Transfer Certificate Filing Requirements for the Estates of Non-residents Citizens of the U.S.
Transfer Certificate Filing Requirements for the Estates of Non-residents not Citizens of the U.S.
You may be aware that U.S. citizens regardless of their residency must file IRS Form 706 (Estate tax return) if their taxable estate exceeds $11.58K (2020). Likewise, non-residents who are not U.S. citizens must file IRS Form 706-NA (Estate tax return) if the taxable estate is over $60K. The former only takes into account certain U.S. situs assets held by the decedent. The instructions to both 706 & 706NA outline the particulars of gross estate and taxable estate.
Both returns are due 9.5 months after the date of death unless IRS Form 7004 request for a filing extension is received by the IRS by the 9.5 month otherwise filing due date.
The links below imply that whether or not the foregoing estate returns are required to be filed, the executor must apply for a special transfer certificate when the estate is not administered in the United States. Therefore, if the U.S. citizen resides in Canada or a non- U.S. citizen decedent holds U.S. situs property, these transfer certificate filing requirements appear to apply.
The time frame for the IRS to process the information is six to nine months.

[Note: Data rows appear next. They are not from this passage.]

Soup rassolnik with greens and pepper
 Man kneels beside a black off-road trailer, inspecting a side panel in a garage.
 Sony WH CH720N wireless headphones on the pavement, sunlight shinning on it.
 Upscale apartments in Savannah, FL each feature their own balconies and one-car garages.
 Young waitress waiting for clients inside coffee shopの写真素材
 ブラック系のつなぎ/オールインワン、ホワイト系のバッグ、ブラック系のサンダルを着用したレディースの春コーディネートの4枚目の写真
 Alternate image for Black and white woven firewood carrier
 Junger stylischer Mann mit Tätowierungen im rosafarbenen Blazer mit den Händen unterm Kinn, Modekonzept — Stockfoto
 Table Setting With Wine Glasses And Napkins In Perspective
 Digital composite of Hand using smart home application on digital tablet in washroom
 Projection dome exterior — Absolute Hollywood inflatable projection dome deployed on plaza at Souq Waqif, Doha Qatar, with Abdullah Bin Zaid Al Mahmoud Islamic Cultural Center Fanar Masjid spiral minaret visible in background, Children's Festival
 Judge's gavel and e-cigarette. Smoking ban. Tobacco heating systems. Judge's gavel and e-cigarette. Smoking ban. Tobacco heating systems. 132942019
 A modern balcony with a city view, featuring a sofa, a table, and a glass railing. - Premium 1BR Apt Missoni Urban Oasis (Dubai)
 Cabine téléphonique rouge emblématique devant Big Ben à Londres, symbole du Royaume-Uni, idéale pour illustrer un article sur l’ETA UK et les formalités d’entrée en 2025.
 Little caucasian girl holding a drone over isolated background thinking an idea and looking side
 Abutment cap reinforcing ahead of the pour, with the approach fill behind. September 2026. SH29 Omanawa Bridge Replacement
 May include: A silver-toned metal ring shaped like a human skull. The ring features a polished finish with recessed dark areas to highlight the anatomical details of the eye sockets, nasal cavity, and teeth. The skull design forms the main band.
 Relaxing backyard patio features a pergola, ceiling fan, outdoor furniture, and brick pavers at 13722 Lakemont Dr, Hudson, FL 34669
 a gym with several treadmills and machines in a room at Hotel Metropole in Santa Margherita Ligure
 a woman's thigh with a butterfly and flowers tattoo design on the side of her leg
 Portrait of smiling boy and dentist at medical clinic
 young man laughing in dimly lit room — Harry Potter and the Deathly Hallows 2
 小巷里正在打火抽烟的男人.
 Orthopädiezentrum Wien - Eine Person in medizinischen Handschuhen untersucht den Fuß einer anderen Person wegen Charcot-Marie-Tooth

It has come to my attention that certain financial institutions are strictly following these rules in that they will not transfer assets to a non- resident beneficiary of a U.S. decedent without this transfer certificate. This was the case where the Canadian beneficiary was set on the investment account as a direct beneficiary to avoid STATE probate. Even though the beneficiary was noted as a beneficiary in the decedent’s Will implying the asset goes through the Canadian estate, this direct beneficiary designation appears to have superseded. It appears that even if there was not a direct beneficiary, the IRS would still follow these procedures.
I some circumstances, the financial institution may transfer the assets to a U.S. account for the Canadian beneficiary, request an ITIN for the beneficiary, but the beneficiary may not access the funds or liquidate until this transfer certificate is received.
If the U.S. investment account is not transferred, it is my understanding that the financial institution will still issue tax information slips under the decedent’s name and not the beneficiary’s name, but will amend and create split slips to correct the situation once the transfer certificate is received.
It should be noted that these procedures could create issues for U.S. decedents or U.S. decedents who are delinquent U.S. taxpayers who wish to apply under the Streamlined Foreign Offshore procedures.